Another nice thing to have would be a "better" class hierarchy.
Improvements I see so far are:
- all PtreeFooExpr should share a common base class,
  PtreeExpression
- all PtreeFooStatement should share a common base class,
  PtreeStatement. Hmmm, this seems to collide with PtreeBrace
  and PtreeDeclaration, so maybe leave it out.
- PtreeDeclaration and PtreeExpression should have a common base
  class (needed for my if(condition) thing)
Anything else? This should not break anything.

> > [1] Since the CVS code currently can't be built, I'll wait with
> > checking it in.
> 
> Ok.

It's in now.

Change in the parse tree: the third child of if/while/switch may
now be a PtreeDeclaration instead of an expression :-)

By the way, I get a strange message I can't interpret:
# Mailing ope...@li......
# Generating notification message...
# Generating notification message... done.
# Mailing ope...@li......
# Generating notification message...
# Traceback (innermost last):
#   File "/cvsroot/sitedocs/CVSROOT/cvstools/syncmail", line 322, in ?
#     main()
#   File "/cvsroot/sitedocs/CVSROOT/cvstools/syncmail", line 315, in main
#     blast_mail(subject, people, specs[1:], contextlines, fromhost)
#   File "/cvsroot/sitedocs/CVSROOT/cvstools/syncmail", line 240, in blast_mail
#     print calculate_diff(file, contextlines)
#   File "/cvsroot/sitedocs/CVSROOT/cvstools/syncmail", line 139, in calculate_diff
#     file, oldrev, newrev = string.split(filespec, ',')
# ValueError: unpack list of wrong size

Doesn't look like any interpreter I know :-)

> > > But now comes the problem: when we just extend Frontend itself, without
> > > proper support in Translator (e.g. your patches will make 'if ({...}) '
> > > parse, but Translator will choke on it), we do not have way to add tests
> > > that make sure the new Frontend functionality works.
> >
> > My 1) is a partial solution.
> 
> But this requires adding *some* support of new nodes to the translator
> anyway, right?

Yes, but I can't seem to find a way around that, because there
is no universal fallback. Some want just to recurse into the new
nodes, some do not want to miss them.

> > > BTW: Over a year ago there was a resolution on this forum to factor out the
> > > Driver subsystem and make it a shell script (for easier maintenance
> > > and to make underlying compiler/preproc/linker settable with Autoconf).
> >
> > Personally, I don't care whether the driver is in C, Perl, Shell
> > or Intercal.
> 
> I do, because I am responding to bug reports :-)
> (Seriously: shell is the only solution that does not have to duplicate
> libtool functionality, e.g. to know how to install shared library on the
> given platform).

Okay, I overlooked that shared library thing.

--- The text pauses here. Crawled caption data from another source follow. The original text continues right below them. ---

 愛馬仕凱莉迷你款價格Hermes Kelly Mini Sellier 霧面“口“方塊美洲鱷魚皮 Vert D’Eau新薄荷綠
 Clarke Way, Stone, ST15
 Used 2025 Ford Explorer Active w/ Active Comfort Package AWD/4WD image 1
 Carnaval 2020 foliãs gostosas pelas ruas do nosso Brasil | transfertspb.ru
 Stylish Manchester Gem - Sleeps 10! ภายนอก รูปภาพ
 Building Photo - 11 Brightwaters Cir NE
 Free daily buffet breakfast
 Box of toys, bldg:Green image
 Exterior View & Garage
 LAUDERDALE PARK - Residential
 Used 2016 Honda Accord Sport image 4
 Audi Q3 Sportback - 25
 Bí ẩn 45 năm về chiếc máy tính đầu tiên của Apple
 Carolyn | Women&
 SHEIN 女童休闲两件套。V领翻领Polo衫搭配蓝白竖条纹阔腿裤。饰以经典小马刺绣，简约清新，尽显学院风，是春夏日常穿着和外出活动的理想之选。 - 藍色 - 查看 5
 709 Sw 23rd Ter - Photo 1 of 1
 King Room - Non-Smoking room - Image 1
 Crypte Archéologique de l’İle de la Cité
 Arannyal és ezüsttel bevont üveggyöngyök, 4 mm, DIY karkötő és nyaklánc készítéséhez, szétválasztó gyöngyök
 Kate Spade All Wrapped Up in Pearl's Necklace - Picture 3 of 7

> > What about generating a ".h" file and including that in the
> > driver? In another project of mine, I have this in "configure.in":
[...]
> > This creates a file ("arch/platform.h") which contains the
> > specified code, with shell variables expanded (Disclaimer: I'm
> > not an Autoconf expert, maybe what I did can be done much
> > easier).
> 
> AC_DEFINE is the solution you are looking for.

Whoops? I wonder how I could have missed that :-P

> What you suggest is reasonable for e.g. setting compiler or setting the
> proper shared lib extension (.so, .dynlib etc.), but apart of those there is
> *functionality* which is necessary in driver. How will you pass the
> knowledge about the correct way of installing shared library? On some
> platforms you just do 'cp'. On some you also have to set up dynamic linker
> somehow. [snip]

I was mainly thinking about configuring compiler names etc. into
occ. I have "g++-2.95" and "g++-3.2", and to select one I
install a symlink in $HOME/bin. I'd like to be able to choose
that when I compile or - even better - run occ. For shared
libraries, you're absolutely right.

  Stefan